PdC – Le blasphème ou le juron ne seraient donc pas étrangers à une dimension du sujet ?
EB – Nous pouvons reprendre ici les points que j’ai dégagés dans mon texte. [17] Le juron est bien une parole, qu’on laisse échapper sous la pression d’un sentiment brusque ou violent ; à l’opposé, la formule prononcée en blasphème ne se réfère à aucune situation objective ; le juron n’exprime que l’intensité d’une réaction à ces circonstances ; il ne se réfère pas à un partenaire ni à une tierce personne, il ne transmet aucun message ; il ne décrit pas celui qui l’émet ; il échappe à celui qui le profère. Selon moi, la blasphémie suscite l’euphémie. On peut repérer la création de formes de non-sens à la place des expressions blasphémiques, comme « nom d’une pipe », « parbleu » ou encore « jarnibleu ».

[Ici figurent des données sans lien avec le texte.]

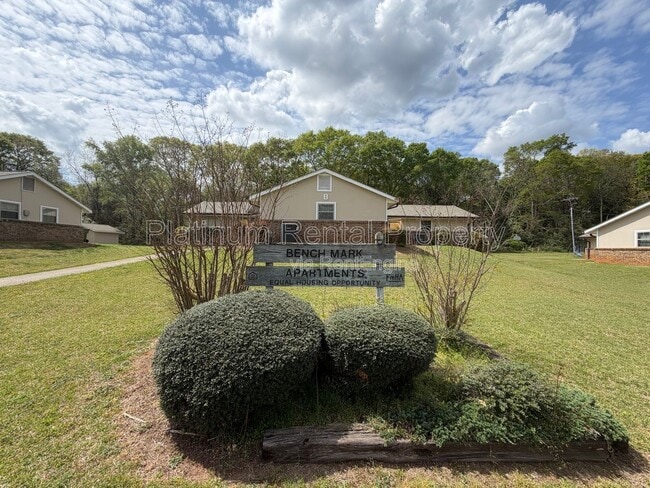 1492 Waverly Way in Monroe, GA - Building Photo - Building Photo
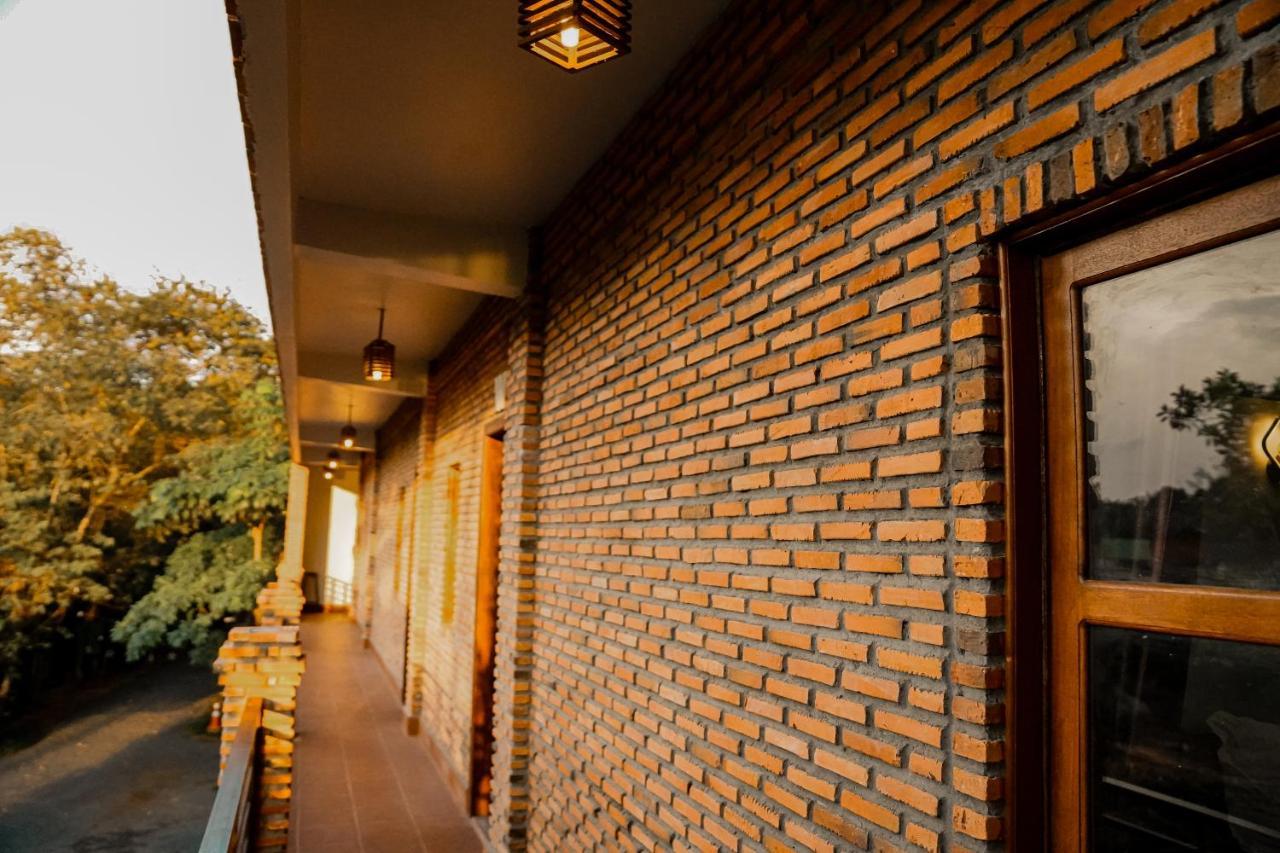 Bamboo Bungalow Kampot Exterior foto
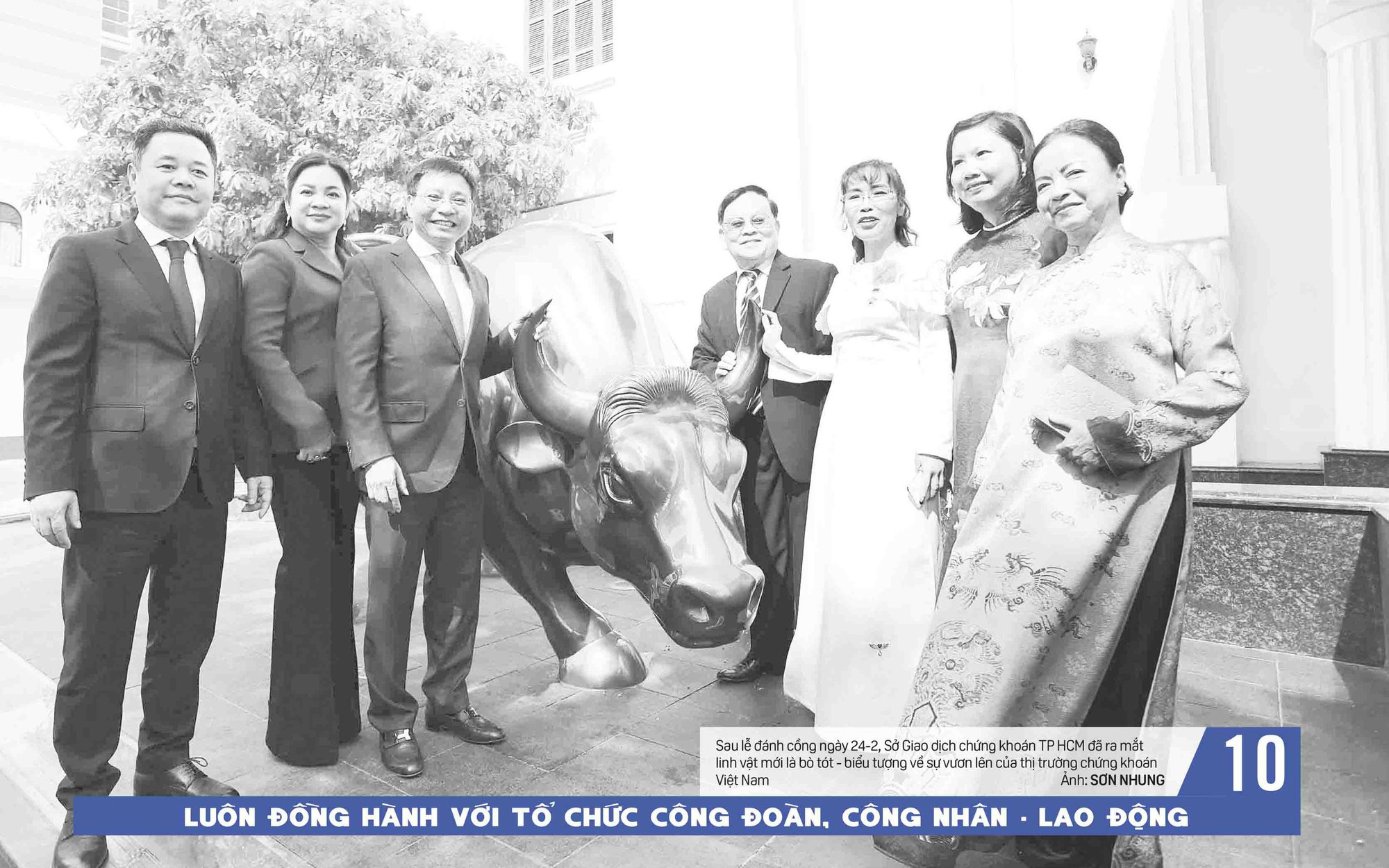 Báo in Người Lao Động 25-2: Vàng, bạc “cháy” hàng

PL – Justement, c’est ce principe que nous avons introduit dans les conversations menées avec les adolescents, dans des lieux de soins comme l’hôpital de jour ou dans des collèges de banlieue, pour ouvrir une issue possible vers un dialogue. La blasphémie subsiste bien, mais masquée, voilée par l’euphémie qui, dans le maniement du semblant qu’elle offre, la dénude littéralement de sens. L’euphémie permet, par allusion, d’évoquer la profanation langagière, bien que les conséquences diffèrent beaucoup, pourtant, la fonction psychique se satisfait car il y a eu décharge, apaisement.
PdC – Quand vous aviez dit être pour une civilisation de l’insulte en lui rendant toute sa dignité, était-ce une provocation, cher Philippe ?
PL – L’insulte ne se situe pas dans la dimension de l’Autre, mais dans le fait qu’un signifiant surgit dans le réel en dehors de la chaîne symbolique, comme si quelque chose se déchaînait pour le sujet lui-même.
PdC – Jacques-Alain Miller définit l’insulte comme « l’effort suprême du signifiant pour dire ce qu’est l’autre comme objet a, pour le cerner dans son être en tant que justement cet être échappe au sujet. Il essaye de l’obtenir par une flèche ».[18]
PL – Ceux que j’ai nommés les adolescents du réel sont peut-être ceux qui incarnent cet objet indicible comme rejeté à la marge de l’Autre. Ils sont vite persécutés par les mots de l’autre, il suffit de s’adresser à eux pour déclencher leur sensibilité d’écorchés vifs. Ils peuvent présenter des psychoses ordinaires et se trouver en difficultés scolaires et sociales. Comme êtres humiliés, ils peuvent se laisser prendre par un type de discours qui établit un nouvel être et, partant de cette nouvelle conjonction, avoir le sentiment d’être enfin respectés et accueillis par un Dieu obscur, les aveuglant au point d’y sacrifier leur vie, ou celles d’autres qui déjà n’existent plus comme semblables.
PdC – Revenons alors au livre de Nora Fraisse lorsque qu’elle met en évidence la voie de la méchanceté. Héléne Bonnaud [19], je me souviens de votre texte publié dans Lacan Quotidien, pourriez-vous nous en dire un mot ?
Hélène Bonnaud – Avec plaisir, il y a toujours eu des boucs émissaires, des enfants qui subissaient la méchanceté de certains élèves et souffraient en silence d’humiliations répétées.
PL – C’est aussi ce que nous démontre le livre Les Désarrois de l’élève Törless [20], de Robert Musil.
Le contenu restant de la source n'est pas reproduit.